That takes the cake.

But thank you for the education. I always appreciate that, and I am not offended to learn that I frequently use “offensive” terminology.

In fact, if you ever told your children nursery rhymes, you ran the risk of offending anyone whose ancestors lived through the Middle Ages in Europe, since most nursery rhymes and “Mother Goose” stories have origins in the most hideous rituals of torture, illness and other forms of hideous death from those times.

dappled_leaves's avatar

I would avoid using the word “cakewalk” to mean “something easy”, because a cakewalk is part of Jim Crow iconography. It’s similar to making casual reference to Sambo or lawn jockeys or minstrel shows in everyday conversation. We don’t do that, for a good reason.

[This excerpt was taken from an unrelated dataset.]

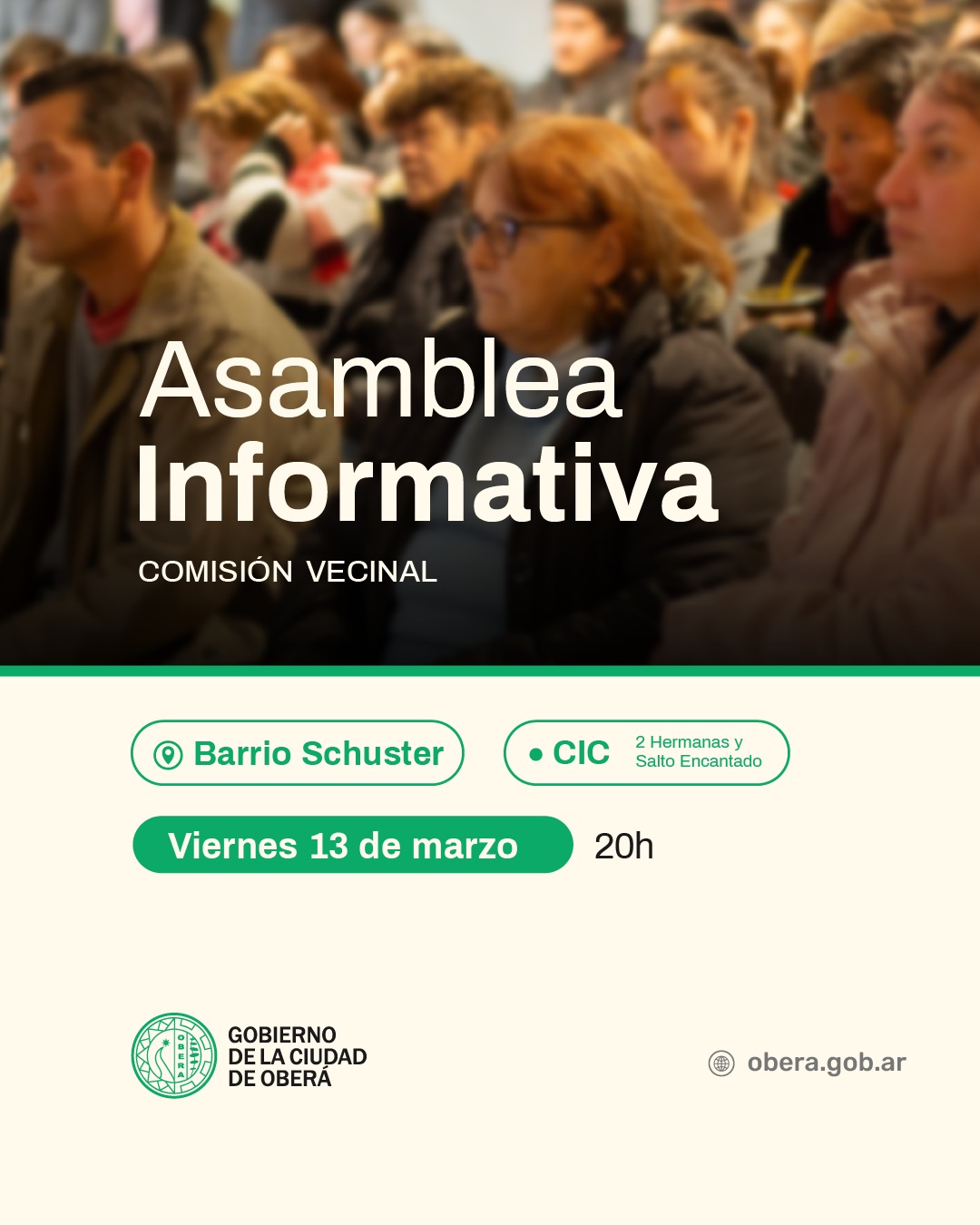 Invitan a una asamblea informativa para renovar la comisión vecinal de barrio Schuster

It’s hard to think of the phrase “piece of cake” the same way, because until today, I would never have made that connection, but I find that discovering it’s origin changes how I think of it. So, I would guess that it will fall out of my vocabulary, much as the word “gypped” has. I don’t feel that such changes are some kind of burden on me. Rather, I think I’ve learned something new, and it changes how I perceive the phrase.

marinelife's avatar

@CWOTUS So true. I was appalled at the origin of Ring Around the Rosie.

Dutchess_III's avatar

It was crazy, wasn’t it. Leave it to kids to make a game out of something so horrific.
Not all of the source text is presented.